Starting with the line containing "709 Warren Drive" and going on through the line containing "Pred steno s", return the lines of the data below exactly, and only those.

START RECORDS PROVIDED

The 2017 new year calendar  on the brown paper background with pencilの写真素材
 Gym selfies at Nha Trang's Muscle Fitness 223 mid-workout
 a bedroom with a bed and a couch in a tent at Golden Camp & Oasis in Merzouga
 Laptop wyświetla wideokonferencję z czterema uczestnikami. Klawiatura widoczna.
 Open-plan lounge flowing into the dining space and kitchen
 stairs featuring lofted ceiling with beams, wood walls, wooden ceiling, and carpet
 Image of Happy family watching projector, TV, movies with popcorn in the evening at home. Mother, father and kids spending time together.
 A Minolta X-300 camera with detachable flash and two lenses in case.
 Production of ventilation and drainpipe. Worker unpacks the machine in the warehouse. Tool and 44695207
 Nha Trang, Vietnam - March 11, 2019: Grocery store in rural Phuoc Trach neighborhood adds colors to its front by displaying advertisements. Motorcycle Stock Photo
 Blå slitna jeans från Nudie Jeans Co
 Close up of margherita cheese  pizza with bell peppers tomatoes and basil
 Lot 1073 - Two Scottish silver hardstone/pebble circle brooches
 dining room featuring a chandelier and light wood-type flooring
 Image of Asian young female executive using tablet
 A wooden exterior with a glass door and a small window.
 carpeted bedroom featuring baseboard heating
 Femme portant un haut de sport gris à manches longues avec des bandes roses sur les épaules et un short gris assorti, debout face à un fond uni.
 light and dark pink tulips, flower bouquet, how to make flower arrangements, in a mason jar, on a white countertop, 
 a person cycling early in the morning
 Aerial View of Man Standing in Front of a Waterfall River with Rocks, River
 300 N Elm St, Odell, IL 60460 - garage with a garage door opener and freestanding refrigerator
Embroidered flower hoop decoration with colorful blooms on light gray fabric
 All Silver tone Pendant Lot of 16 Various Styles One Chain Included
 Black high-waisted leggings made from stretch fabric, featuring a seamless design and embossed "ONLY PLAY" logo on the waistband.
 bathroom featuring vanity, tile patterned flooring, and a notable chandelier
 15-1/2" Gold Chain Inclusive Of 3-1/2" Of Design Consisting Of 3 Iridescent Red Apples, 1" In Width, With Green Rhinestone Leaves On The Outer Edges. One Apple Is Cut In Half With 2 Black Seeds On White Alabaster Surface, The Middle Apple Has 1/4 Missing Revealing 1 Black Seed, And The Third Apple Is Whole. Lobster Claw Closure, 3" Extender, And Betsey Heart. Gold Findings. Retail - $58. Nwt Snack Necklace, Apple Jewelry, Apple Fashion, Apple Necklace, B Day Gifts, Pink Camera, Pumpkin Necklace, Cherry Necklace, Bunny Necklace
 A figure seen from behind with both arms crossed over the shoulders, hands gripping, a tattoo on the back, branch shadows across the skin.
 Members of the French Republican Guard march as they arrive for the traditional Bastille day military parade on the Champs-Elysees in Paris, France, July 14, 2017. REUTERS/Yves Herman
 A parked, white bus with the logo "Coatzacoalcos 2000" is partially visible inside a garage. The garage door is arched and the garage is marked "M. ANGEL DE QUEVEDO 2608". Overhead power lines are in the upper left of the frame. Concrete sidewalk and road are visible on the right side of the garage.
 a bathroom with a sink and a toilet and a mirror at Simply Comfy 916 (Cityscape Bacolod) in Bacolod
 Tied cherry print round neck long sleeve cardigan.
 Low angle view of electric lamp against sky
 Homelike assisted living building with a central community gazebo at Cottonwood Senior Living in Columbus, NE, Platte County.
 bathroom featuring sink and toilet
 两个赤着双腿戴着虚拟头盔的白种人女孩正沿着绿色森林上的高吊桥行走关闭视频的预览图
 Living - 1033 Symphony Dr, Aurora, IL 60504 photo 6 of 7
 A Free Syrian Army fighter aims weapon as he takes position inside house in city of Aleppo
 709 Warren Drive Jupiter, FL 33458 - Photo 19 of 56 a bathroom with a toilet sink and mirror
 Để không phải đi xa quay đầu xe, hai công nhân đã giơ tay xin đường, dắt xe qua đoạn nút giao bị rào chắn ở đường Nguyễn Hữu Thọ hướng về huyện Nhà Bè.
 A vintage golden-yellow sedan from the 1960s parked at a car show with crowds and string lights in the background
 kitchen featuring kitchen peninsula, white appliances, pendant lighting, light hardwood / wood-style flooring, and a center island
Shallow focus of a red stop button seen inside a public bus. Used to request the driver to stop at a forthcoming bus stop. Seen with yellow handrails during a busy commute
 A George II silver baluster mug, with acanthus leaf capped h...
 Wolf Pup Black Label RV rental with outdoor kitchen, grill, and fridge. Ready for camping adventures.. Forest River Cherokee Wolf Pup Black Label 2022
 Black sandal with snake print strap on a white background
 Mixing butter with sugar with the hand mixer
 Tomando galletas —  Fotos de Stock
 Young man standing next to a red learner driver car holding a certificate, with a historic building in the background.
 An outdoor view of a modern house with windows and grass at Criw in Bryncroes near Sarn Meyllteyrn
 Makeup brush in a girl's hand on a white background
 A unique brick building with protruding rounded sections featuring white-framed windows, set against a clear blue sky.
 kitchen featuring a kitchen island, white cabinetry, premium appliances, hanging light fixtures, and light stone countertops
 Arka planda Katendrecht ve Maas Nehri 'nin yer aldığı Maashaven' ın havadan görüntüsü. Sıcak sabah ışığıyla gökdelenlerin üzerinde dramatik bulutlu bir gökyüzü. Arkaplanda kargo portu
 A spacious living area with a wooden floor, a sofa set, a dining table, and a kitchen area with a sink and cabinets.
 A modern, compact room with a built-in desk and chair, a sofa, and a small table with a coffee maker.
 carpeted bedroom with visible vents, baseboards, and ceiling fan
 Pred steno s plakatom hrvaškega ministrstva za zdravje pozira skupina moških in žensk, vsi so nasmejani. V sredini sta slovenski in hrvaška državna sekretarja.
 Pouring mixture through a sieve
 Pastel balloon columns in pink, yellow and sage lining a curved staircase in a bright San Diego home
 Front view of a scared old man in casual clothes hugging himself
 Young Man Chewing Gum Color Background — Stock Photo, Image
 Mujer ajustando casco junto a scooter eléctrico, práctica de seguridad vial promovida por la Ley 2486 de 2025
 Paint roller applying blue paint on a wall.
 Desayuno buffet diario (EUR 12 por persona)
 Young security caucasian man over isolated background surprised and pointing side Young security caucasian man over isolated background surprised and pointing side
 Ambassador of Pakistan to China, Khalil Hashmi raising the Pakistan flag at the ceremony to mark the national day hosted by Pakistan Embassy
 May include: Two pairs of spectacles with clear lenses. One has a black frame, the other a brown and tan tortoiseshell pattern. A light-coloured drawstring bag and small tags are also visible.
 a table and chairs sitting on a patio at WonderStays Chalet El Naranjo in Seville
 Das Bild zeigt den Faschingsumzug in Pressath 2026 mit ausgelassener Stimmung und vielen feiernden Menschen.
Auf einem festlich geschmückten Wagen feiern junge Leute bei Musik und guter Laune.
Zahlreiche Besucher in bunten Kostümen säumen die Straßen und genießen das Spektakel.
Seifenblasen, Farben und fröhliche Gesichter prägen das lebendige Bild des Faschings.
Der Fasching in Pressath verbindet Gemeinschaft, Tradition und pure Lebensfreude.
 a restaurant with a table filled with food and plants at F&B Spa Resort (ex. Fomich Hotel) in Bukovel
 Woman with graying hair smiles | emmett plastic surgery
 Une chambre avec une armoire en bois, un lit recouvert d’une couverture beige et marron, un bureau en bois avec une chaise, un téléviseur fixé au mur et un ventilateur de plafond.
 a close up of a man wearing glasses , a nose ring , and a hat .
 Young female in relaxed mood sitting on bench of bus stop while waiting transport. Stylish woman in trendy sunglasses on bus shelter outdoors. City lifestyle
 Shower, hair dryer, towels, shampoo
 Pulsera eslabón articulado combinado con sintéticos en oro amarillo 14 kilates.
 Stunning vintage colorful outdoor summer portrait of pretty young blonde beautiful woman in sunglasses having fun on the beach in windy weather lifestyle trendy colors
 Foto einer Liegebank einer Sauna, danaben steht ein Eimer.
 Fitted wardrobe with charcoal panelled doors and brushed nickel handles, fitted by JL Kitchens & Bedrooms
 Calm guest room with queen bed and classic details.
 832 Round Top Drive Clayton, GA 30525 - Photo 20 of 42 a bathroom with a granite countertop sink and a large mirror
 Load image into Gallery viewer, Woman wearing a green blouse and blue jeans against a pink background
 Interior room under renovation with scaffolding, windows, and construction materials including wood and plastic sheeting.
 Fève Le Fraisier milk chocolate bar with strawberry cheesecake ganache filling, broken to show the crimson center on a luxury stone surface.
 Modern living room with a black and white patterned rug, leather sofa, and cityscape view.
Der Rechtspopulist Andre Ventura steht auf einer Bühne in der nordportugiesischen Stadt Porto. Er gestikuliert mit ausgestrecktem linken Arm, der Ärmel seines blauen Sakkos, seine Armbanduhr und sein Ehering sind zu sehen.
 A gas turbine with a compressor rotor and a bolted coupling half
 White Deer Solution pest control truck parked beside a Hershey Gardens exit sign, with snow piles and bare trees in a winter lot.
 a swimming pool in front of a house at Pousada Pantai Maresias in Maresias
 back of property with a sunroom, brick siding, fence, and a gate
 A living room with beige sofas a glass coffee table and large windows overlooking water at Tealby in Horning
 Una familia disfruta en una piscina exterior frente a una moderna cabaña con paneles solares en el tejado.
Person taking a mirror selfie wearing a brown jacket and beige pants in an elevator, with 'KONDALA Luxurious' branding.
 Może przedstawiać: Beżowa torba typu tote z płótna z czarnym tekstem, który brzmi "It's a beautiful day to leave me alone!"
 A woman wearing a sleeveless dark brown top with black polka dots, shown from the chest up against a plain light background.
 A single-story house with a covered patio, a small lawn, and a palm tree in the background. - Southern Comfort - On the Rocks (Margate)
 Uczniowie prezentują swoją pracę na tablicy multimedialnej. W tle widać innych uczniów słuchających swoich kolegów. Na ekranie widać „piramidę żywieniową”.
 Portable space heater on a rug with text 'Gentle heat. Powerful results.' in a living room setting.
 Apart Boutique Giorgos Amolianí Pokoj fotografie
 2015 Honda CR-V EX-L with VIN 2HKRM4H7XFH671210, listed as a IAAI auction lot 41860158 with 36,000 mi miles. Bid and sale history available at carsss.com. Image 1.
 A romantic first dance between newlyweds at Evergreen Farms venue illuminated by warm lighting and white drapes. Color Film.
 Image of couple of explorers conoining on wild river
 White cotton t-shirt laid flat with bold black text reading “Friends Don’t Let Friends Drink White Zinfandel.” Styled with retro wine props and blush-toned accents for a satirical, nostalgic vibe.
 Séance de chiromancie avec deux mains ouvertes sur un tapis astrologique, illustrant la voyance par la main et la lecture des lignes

END RECORDS PROVIDED

_ANSWER TO THE PROBLEM_.
 709 Warren Drive Jupiter, FL 33458 - Photo 19 of 56 a bathroom with a toilet sink and mirror
 Để không phải đi xa quay đầu xe, hai công nhân đã giơ tay xin đường, dắt xe qua đoạn nút giao bị rào chắn ở đường Nguyễn Hữu Thọ hướng về huyện Nhà Bè.
 A vintage golden-yellow sedan from the 1960s parked at a car show with crowds and string lights in the background
 kitchen featuring kitchen peninsula, white appliances, pendant lighting, light hardwood / wood-style flooring, and a center island
Shallow focus of a red stop button seen inside a public bus. Used to request the driver to stop at a forthcoming bus stop. Seen with yellow handrails during a busy commute
 A George II silver baluster mug, with acanthus leaf capped h...
 Wolf Pup Black Label RV rental with outdoor kitchen, grill, and fridge. Ready for camping adventures.. Forest River Cherokee Wolf Pup Black Label 2022
 Black sandal with snake print strap on a white background
 Mixing butter with sugar with the hand mixer
 Tomando galletas —  Fotos de Stock
 Young man standing next to a red learner driver car holding a certificate, with a historic building in the background.
 An outdoor view of a modern house with windows and grass at Criw in Bryncroes near Sarn Meyllteyrn
 Makeup brush in a girl's hand on a white background
 A unique brick building with protruding rounded sections featuring white-framed windows, set against a clear blue sky.
 kitchen featuring a kitchen island, white cabinetry, premium appliances, hanging light fixtures, and light stone countertops
 Arka planda Katendrecht ve Maas Nehri 'nin yer aldığı Maashaven' ın havadan görüntüsü. Sıcak sabah ışığıyla gökdelenlerin üzerinde dramatik bulutlu bir gökyüzü. Arkaplanda kargo portu
 A spacious living area with a wooden floor, a sofa set, a dining table, and a kitchen area with a sink and cabinets.
 A modern, compact room with a built-in desk and chair, a sofa, and a small table with a coffee maker.
 carpeted bedroom with visible vents, baseboards, and ceiling fan
 Pred steno s plakatom hrvaškega ministrstva za zdravje pozira skupina moških in žensk, vsi so nasmejani. V sredini sta slovenski in hrvaška državna sekretarja.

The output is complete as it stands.